Pat Shurmur appears to be a coach fresh out of ideas.

There were a lot of issues with the Denver Broncos' offensive output in their 22-9 loss to the Kansas City Chiefs. With quarterback Teddy Bridgewater unable to lead an accurate passing attack and an offensive line getting controlled at the point of attack, the only good thing Denver had going was a consistent running game thanks to a rookie running back breaking tackles. 

The Broncos' play-calls and sequencing from offensive coordinator Pat Shurmur were also problematic. There were a handful of plays that stood out for a few different reasons when breaking down the film.

Some of them can be boiled down to the design, while others stem from the play prior. Whatever the reason, even with the offense not executing, Shurmur has to do a better job. 

Play 1 | First Quarter | 6:18 

Situation: 2nd-&-9

There are a few questions about this first play, which came after a one-yard run on first down. First, the design is terrible and sets the offense up for failure. 

The formation draws the Chiefs closer to the line of scrimmage as Denver has shown it likes to run out of this formation. It was understandable to try and catch Kansas City off guard with a pass, but the route combination was a disaster. 

WR Jerry Jeudy came across formation before the snap and just ended up running a flat route, as did RB Javonte Williams after a brief look as a blocker.

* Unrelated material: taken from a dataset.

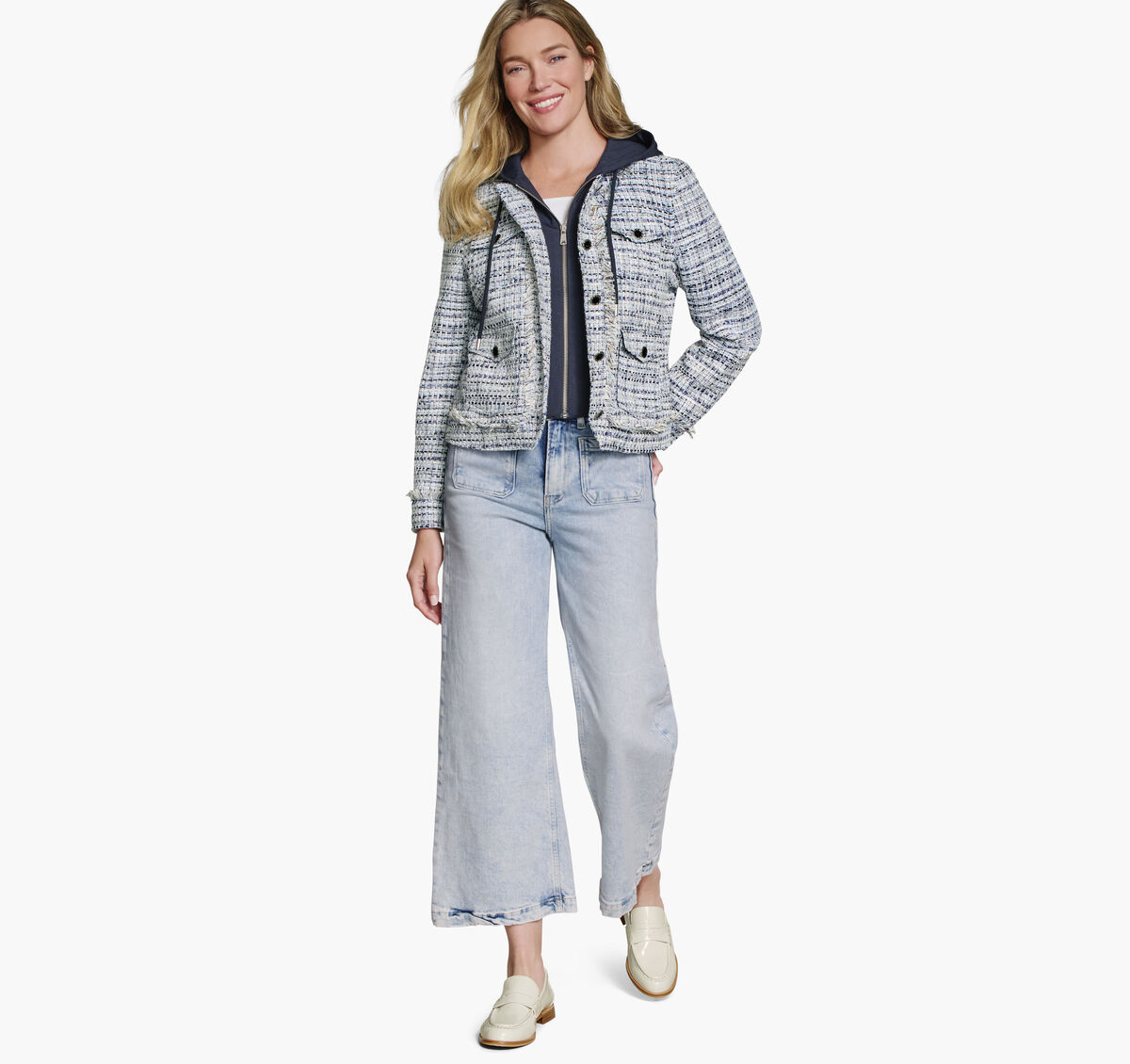 Tweed Jacket with Removable Hooded Bib image number null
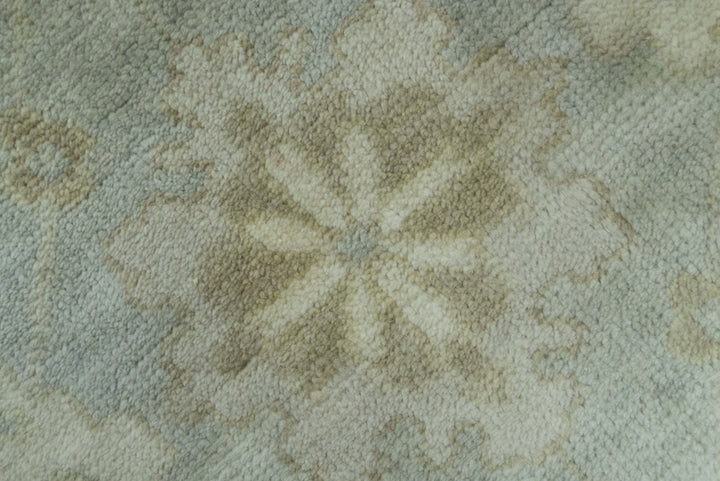 Beige And Blue Traditional Oushak Design 6x9 Hand Knotted Wool Area Rug - The Rug Decor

Then, at the top of the formation, WR Tim Patrick and TE Noah Fant are running curl routes finding themselves only a couple of yards apart while WR Courtland Sutton runs a slant that lands him right behind the first layer of the defense. 

If you want to try and catch the defense off guard with a pass out of this formation, your route combination can't be three that resolve just behind the pulled-up defense. This simplistic design looked like one an amateur would draw up on Madden.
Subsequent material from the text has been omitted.